In the restaurant business too, the decision was met with despair.
“In my family we are all waiters. Financially it is a disaster. I am 46 years old.. I just want to go home and cry,” one waitress told France Bleu.
According to a poll conducted by French broadcaster LCI, 68 percent of spectators thought Emmanuel Macron was convincing in his speech. That was 8 percentage points lower than after his speech announcing the first lockdown, but still high.
— Harris Interactive (@harrisint_fr) October 28, 2020
Moreover, 77 percent said they supported the lockdown. Only 2 percent said they would not obey it.
“The news of a second lockdown was more unexpected compared to last time, so the fact that we have more than two thirds of French people saying the French president was convincing shows that at least part of this measure has succeeded,” pollster Jean-Daniel Lévy told LCI.

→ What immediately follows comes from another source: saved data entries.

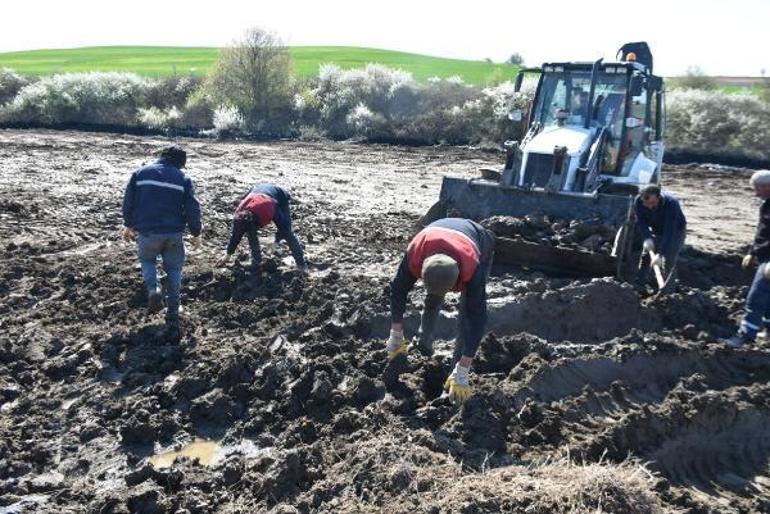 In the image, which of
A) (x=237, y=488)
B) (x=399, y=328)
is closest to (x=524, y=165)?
(x=399, y=328)

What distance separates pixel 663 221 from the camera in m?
8.27

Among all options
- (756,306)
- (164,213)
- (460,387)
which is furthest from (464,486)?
(164,213)

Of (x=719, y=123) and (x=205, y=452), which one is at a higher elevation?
(x=719, y=123)

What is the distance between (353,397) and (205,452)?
3.92ft

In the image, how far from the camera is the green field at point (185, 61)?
45875 mm

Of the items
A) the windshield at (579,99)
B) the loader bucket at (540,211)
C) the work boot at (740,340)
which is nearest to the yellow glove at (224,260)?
the loader bucket at (540,211)

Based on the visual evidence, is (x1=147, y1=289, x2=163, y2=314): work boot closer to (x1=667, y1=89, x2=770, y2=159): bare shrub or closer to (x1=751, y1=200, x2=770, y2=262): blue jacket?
(x1=751, y1=200, x2=770, y2=262): blue jacket

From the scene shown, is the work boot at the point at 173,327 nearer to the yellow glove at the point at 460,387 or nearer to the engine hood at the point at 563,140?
the yellow glove at the point at 460,387

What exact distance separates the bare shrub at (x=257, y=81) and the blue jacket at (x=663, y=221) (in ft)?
73.9

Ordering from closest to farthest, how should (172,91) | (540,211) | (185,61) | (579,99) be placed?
(540,211) → (579,99) → (172,91) → (185,61)

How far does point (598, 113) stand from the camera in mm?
10891

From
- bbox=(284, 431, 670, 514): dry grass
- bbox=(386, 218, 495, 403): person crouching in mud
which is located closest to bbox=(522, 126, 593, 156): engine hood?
bbox=(386, 218, 495, 403): person crouching in mud

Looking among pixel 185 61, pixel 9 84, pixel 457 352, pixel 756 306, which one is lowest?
pixel 457 352

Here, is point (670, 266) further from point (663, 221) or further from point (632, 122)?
point (632, 122) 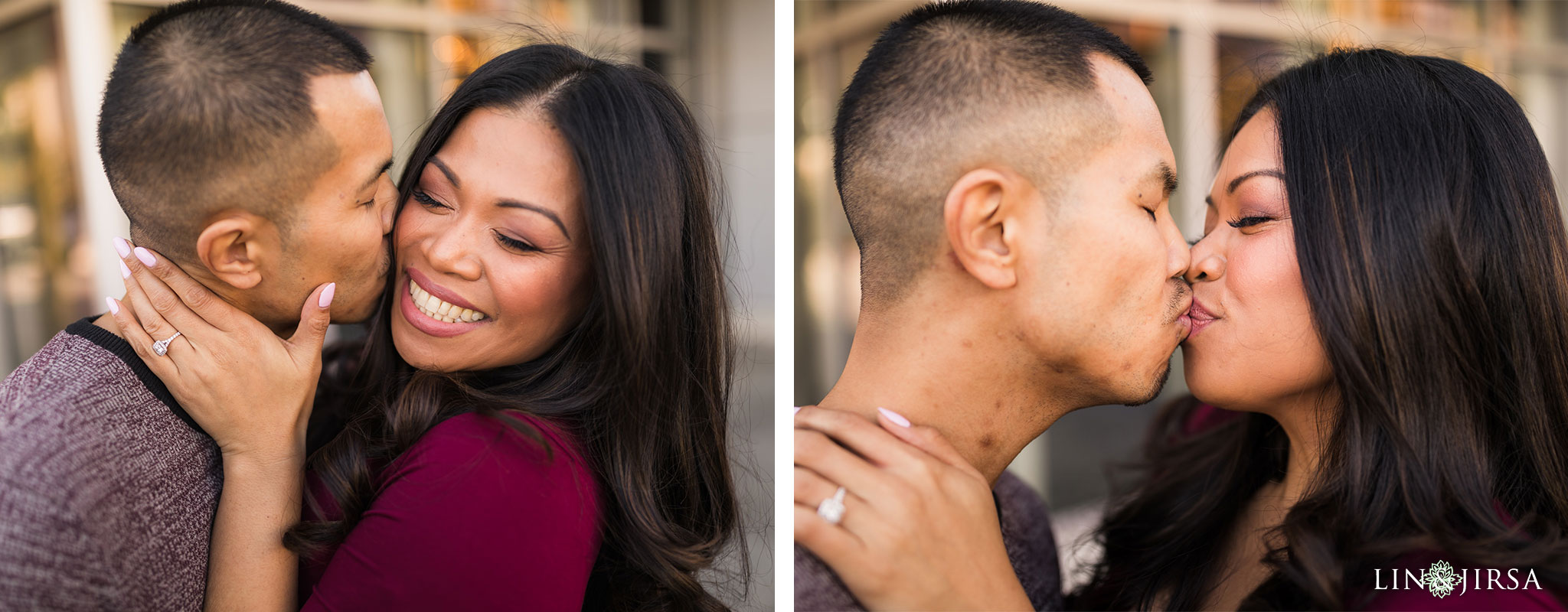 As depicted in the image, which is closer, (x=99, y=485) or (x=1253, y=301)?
(x=99, y=485)

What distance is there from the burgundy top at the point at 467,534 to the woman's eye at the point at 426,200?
0.45 meters

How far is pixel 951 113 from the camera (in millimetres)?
1704

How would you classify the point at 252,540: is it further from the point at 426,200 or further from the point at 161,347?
the point at 426,200

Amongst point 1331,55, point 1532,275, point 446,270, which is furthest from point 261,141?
point 1532,275

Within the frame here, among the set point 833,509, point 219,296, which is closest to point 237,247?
point 219,296

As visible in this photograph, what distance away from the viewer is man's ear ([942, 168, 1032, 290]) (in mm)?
1650

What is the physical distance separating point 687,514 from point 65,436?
1091 mm

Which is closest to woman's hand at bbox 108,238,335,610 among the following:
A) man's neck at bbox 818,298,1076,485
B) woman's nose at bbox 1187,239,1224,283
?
man's neck at bbox 818,298,1076,485

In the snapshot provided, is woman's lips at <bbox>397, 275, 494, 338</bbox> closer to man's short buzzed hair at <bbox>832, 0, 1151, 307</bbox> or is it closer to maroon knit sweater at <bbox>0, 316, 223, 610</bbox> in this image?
maroon knit sweater at <bbox>0, 316, 223, 610</bbox>

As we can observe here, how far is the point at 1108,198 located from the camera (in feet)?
5.56

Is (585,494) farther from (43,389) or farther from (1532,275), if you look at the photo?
(1532,275)

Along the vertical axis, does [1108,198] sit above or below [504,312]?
above

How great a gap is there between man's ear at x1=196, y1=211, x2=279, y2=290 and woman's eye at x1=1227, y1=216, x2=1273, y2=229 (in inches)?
72.9

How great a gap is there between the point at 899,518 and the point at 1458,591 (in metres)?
0.96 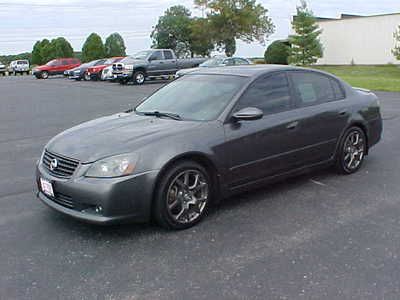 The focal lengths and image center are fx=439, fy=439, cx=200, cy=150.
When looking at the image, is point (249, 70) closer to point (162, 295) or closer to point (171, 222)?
point (171, 222)

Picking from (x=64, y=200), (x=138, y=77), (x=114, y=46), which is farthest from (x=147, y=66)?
(x=114, y=46)

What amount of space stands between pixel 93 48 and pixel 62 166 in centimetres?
5815

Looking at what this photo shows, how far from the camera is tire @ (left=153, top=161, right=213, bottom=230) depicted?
395cm

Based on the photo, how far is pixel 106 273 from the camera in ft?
10.8

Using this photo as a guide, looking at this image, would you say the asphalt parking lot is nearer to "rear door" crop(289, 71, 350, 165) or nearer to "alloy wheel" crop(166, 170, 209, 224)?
"alloy wheel" crop(166, 170, 209, 224)

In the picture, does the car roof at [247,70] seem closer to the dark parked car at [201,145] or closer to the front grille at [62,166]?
the dark parked car at [201,145]

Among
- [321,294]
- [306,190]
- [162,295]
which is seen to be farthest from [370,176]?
[162,295]

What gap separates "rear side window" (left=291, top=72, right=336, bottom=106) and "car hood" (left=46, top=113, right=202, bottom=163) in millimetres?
1523

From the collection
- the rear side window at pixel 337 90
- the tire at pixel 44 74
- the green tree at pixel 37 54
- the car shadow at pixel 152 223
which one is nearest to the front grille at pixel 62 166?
the car shadow at pixel 152 223

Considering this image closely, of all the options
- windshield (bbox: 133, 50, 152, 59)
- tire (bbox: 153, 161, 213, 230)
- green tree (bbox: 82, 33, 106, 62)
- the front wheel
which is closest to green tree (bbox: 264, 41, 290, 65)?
windshield (bbox: 133, 50, 152, 59)

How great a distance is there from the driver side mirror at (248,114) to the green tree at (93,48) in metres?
57.4

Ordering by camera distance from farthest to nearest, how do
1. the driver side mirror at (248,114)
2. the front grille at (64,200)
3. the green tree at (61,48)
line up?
1. the green tree at (61,48)
2. the driver side mirror at (248,114)
3. the front grille at (64,200)

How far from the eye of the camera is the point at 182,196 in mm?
4121

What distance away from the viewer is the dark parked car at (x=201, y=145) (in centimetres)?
382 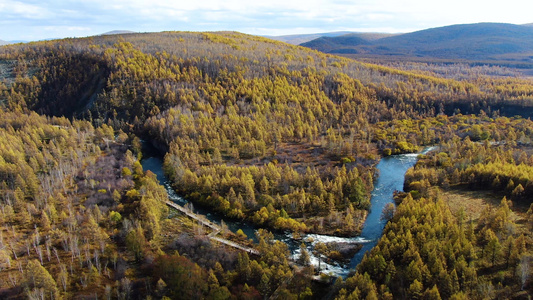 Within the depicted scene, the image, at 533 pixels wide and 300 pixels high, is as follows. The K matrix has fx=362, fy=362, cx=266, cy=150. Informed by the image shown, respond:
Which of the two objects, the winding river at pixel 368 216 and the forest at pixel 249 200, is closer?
the forest at pixel 249 200

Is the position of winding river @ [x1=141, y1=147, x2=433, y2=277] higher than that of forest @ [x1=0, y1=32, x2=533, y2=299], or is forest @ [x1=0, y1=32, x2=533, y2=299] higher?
forest @ [x1=0, y1=32, x2=533, y2=299]

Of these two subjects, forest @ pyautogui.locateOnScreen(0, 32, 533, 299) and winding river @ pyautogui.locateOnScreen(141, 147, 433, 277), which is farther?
winding river @ pyautogui.locateOnScreen(141, 147, 433, 277)

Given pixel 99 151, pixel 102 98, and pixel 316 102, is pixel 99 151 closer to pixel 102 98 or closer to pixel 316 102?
pixel 102 98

France is currently at around 30,000 daily infections, according to official figures. The virus has exploded across the territory, with Sunday October 25th recording a new record of over 52,000 positive Covid-19 infections in a day.
In the last week of October hospitals were admitting over 2,000 new Covid-19 patients every day, up from 650 on September 30th, and intensive care wards in several parts of the countries are in danger of being overwhelmed. The president said Covid-19 patients now occupied over half of the national intensive care capacity.
“If we did nothing… within a few months we would have at least 400,000 additional deaths,” Macron said.
While it seems like the country mostly supports taking stricter measures, they don't necessarily agree on the timeline set by the government.
Epidemiologist Dominique Costagliola told French radio RTL that “four weeks might be too short”. Five thousand daily infections will be the signal for “when to lift the lockdown”, she said.
And the French seem to be skeptical too, having drawn lessons from the first lockdown, which lasted much longer than initially planned.
Of those responding to the LCI poll, 80 percent – eight out of 10 – said they expected that the lockdown would go on for longer than December 1st.
Many Parisians said they were hoping to flee to country homes or other havens to ride out the lockdown – the national traffic agency reported unusually large traffic jams in the capital Wednesday evening, just before Macron spoke.
Others were resigned to long hours stuck at home.
“I just bought some incredibly expensive 'zen' candles to feel better when I come home,” Mehdi Lacheb, a 34-year-old pharmacist, told AFP.
“So I can forget the little twinge of sorrow when we'll again see all these sad streets, empty, and no more terraces,” he said.